South African Trade Gap Narrows as Iron Ore Exports Surge


By Andres R. Martinez - Apr 30, 2012
Bloomberg
South Africa’s trade deficit narrowed for a second month in March as coal and iron ore exports to Asia surged, the South African Revenue Service said.

The shortfall eased to 5.5 billion rand ($710 million) from 7.5 billion rand in February, the Pretoria-based South African Revenue Service said in an e-mailed statement today. The median estimate of eight economists in a Bloomberg survey was for a deficit of 5 billion rand.

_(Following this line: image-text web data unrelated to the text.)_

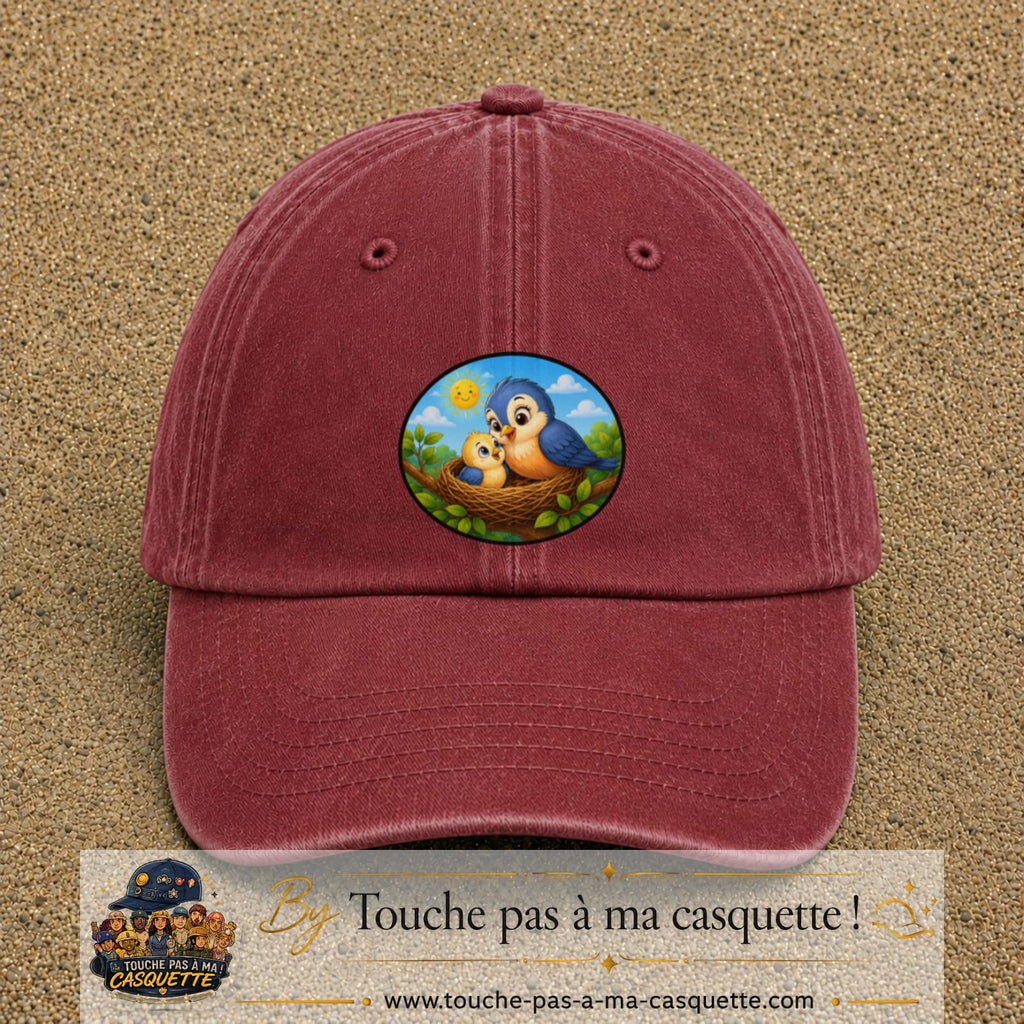 Casquette baseball Rouge délavé - Bordeaux délavé 100% coton avec visuel Oiseaux au nid 7 cm - image produit principale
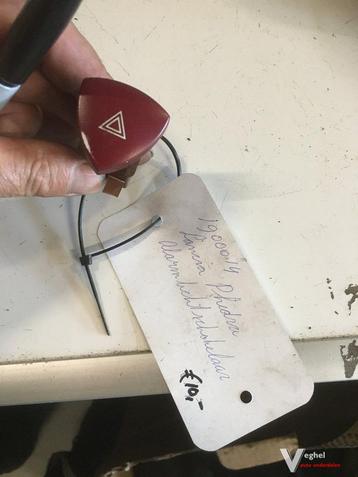 Lancia Phedra Alarmlichtschakelaar beschikbaar voor biedingen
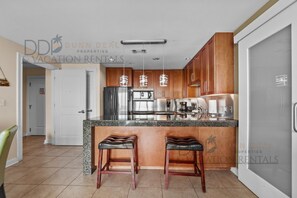 Kylskåp, mikrovågsugn, ugn och spishäll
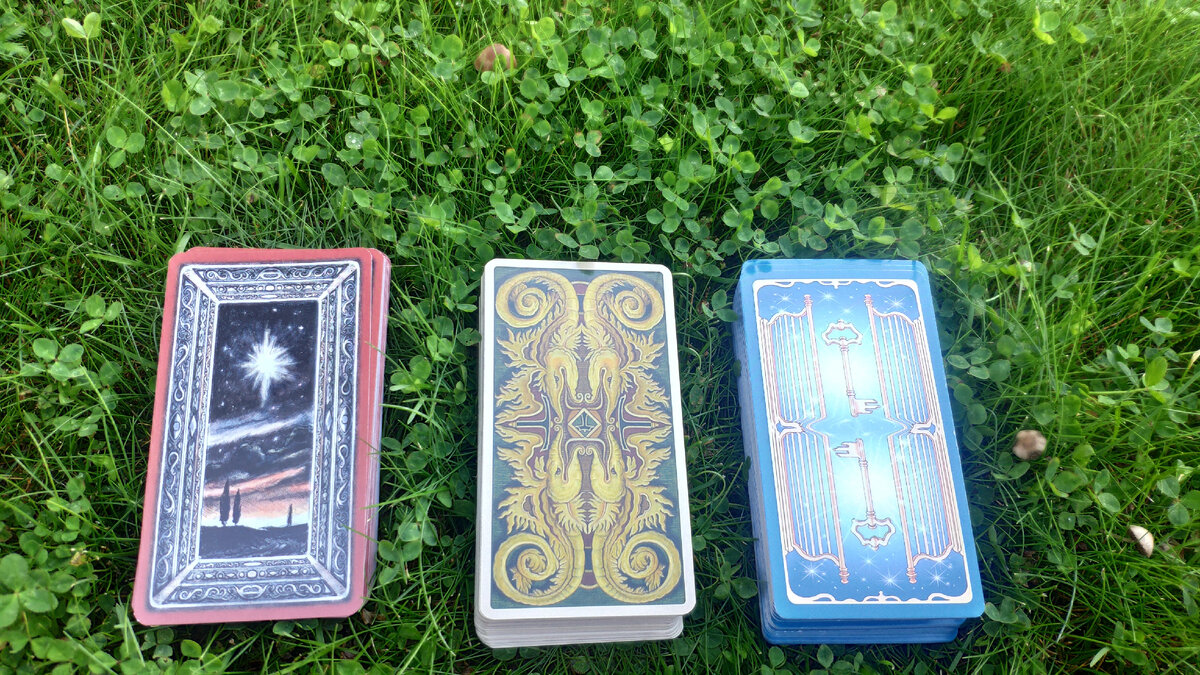 Слева-направо: первая колода- Таро возрождения, вторая колода-Мистическое таро, третья-78 дверей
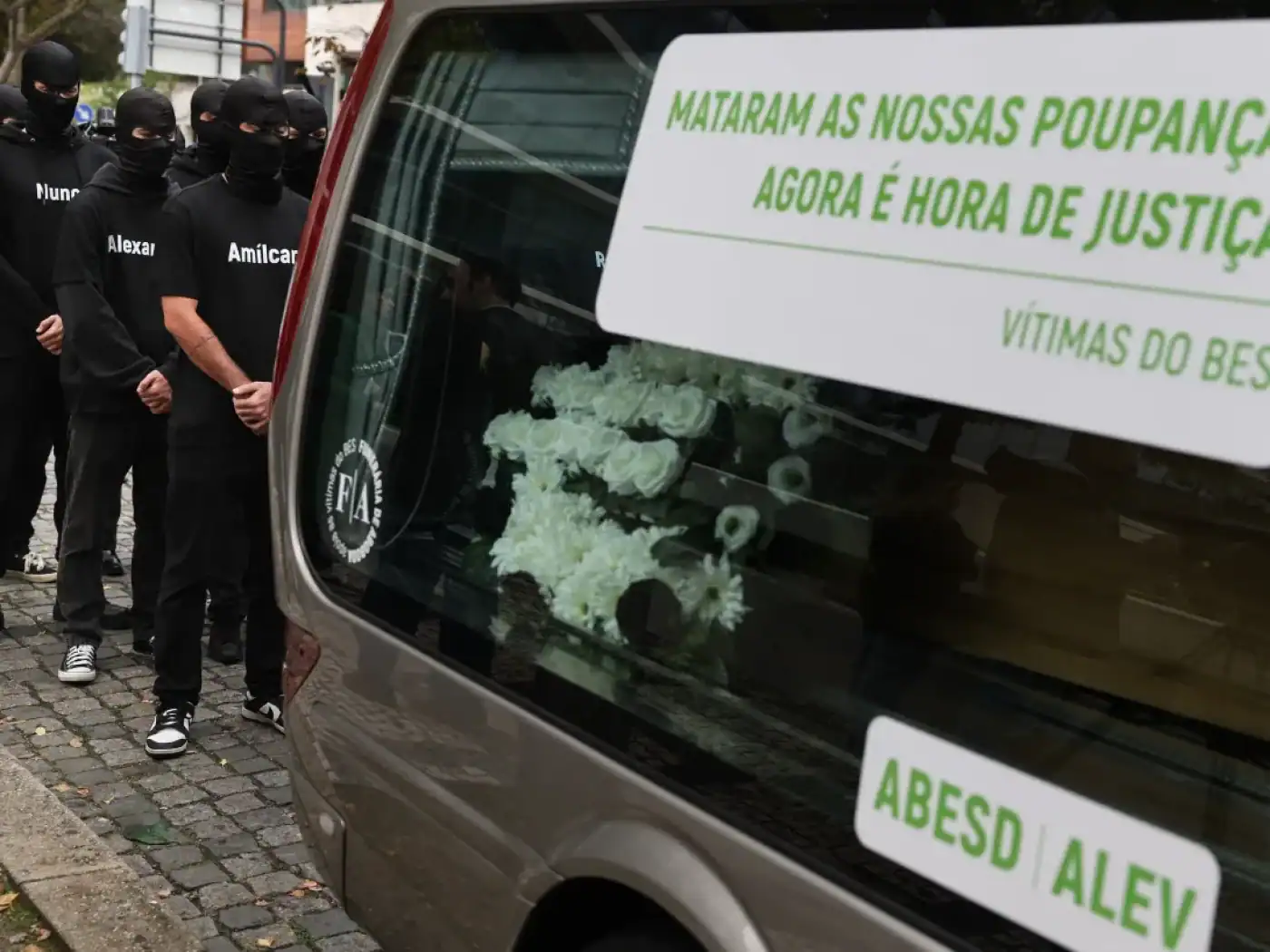 Lesados do BES usam carro funerário para protesto junto ao tribunal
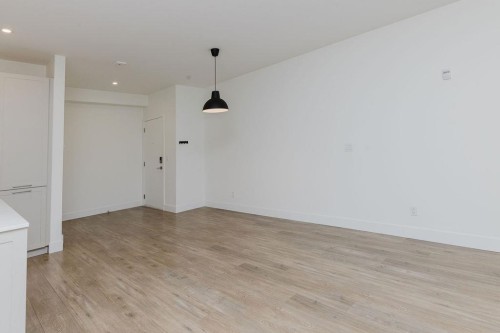 102-710 School Road, Gibsons, BC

South Africa has boosted exports of coal and iron ore to meet rising demand from Asian markets, including China, the world’s biggest coal consumer. Last month’s improvement in exports may help to narrow the current-account deficit, the broadest measure of trade of goods and services, underpinning the rand.

Exports rose 9 percent to 61.3 billion rand in March from the previous month, led by a 25 percent, or 3.5 billion rand, surge in coal and iron ore shipments, the revenue service said. Imports advanced 4.8 percent to 66.8 billion rand as machinery shipments rose 12 percent, or 1.6 billion rand.

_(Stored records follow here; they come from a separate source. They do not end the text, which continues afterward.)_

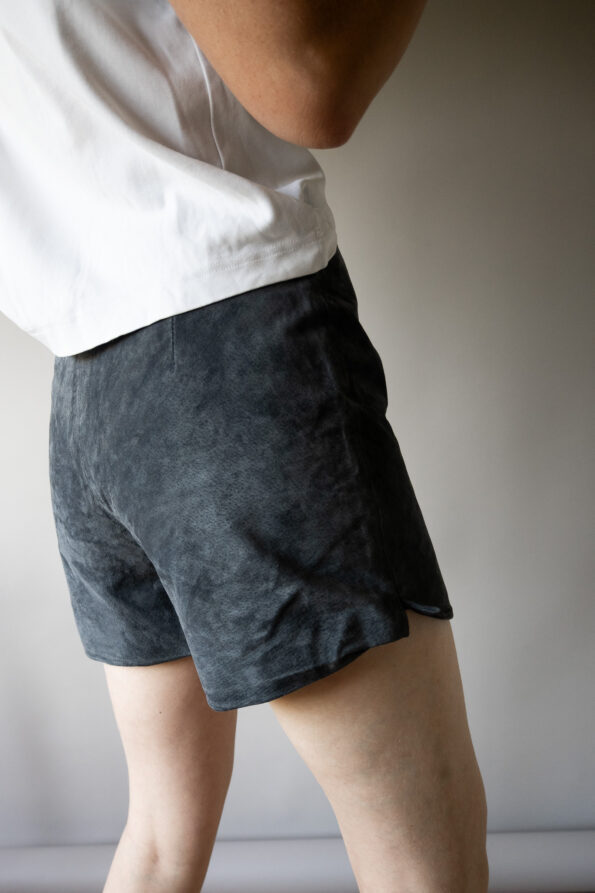 The suede short in dark navy - Size up to M - Image 4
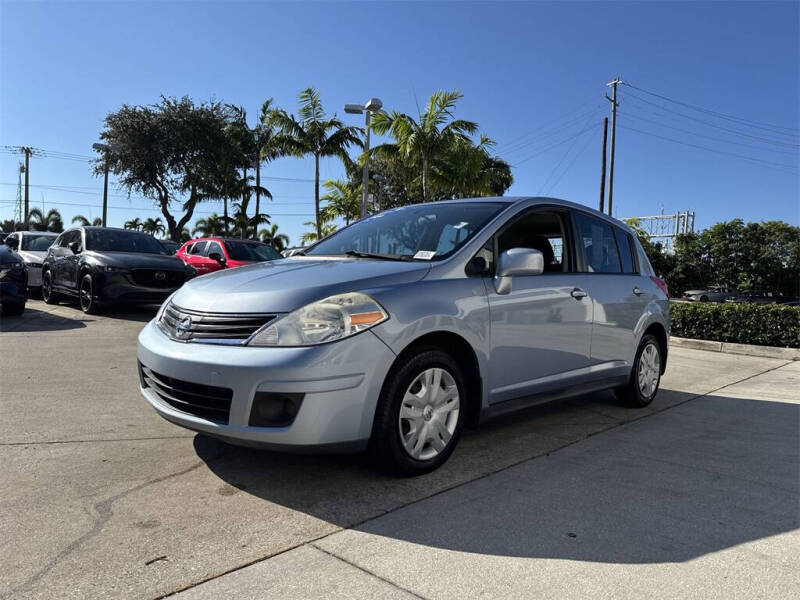 2011 Nissan Versa 1.8 S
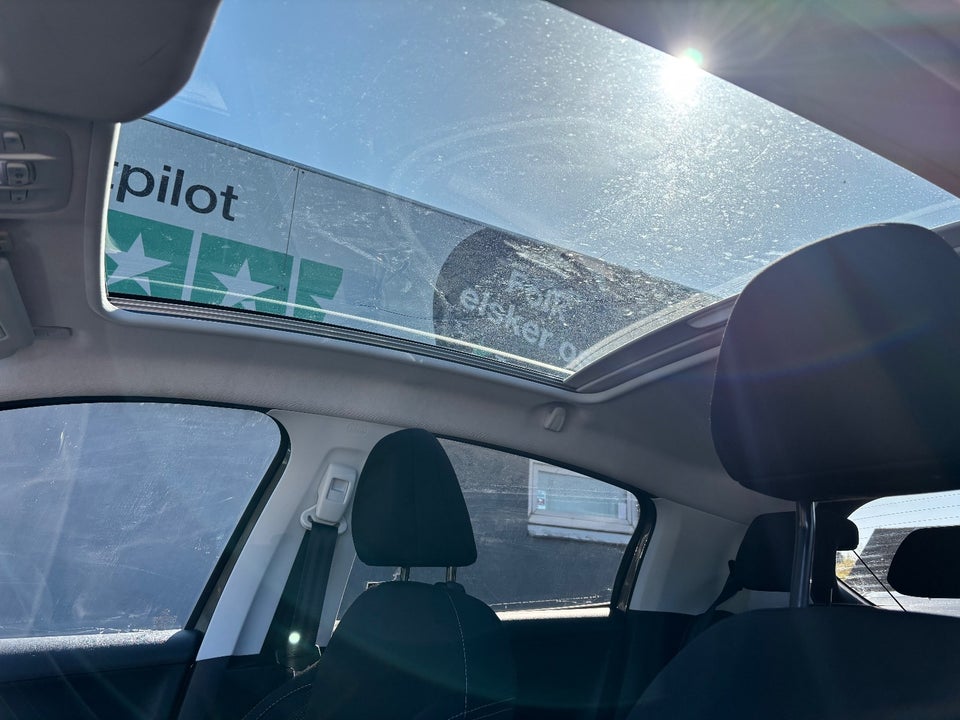 Peugeot 208 1,6 BlueHDi 100 Allure Sky 5d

The current-account gap eased to 3.6 percent of gross domestic product in the fourth quarter from 4.1 percent in the previous three months, the central bank said on March 19. The deficit will probably reach 4.3 percent this year, according to the government.

South Africa relies on foreign investment in stocks and bonds to finance the current-account deficit, inflows that have fluctuated this year as slower economic growth led investors to sell riskier, emerging-market assets. The rand has strengthened 3.5 percent against the dollar this year and was trading as high as 7.7259 today.

The monthly trade figures are often volatile, reflecting the timing of shipments of commodities such as oil and diamonds.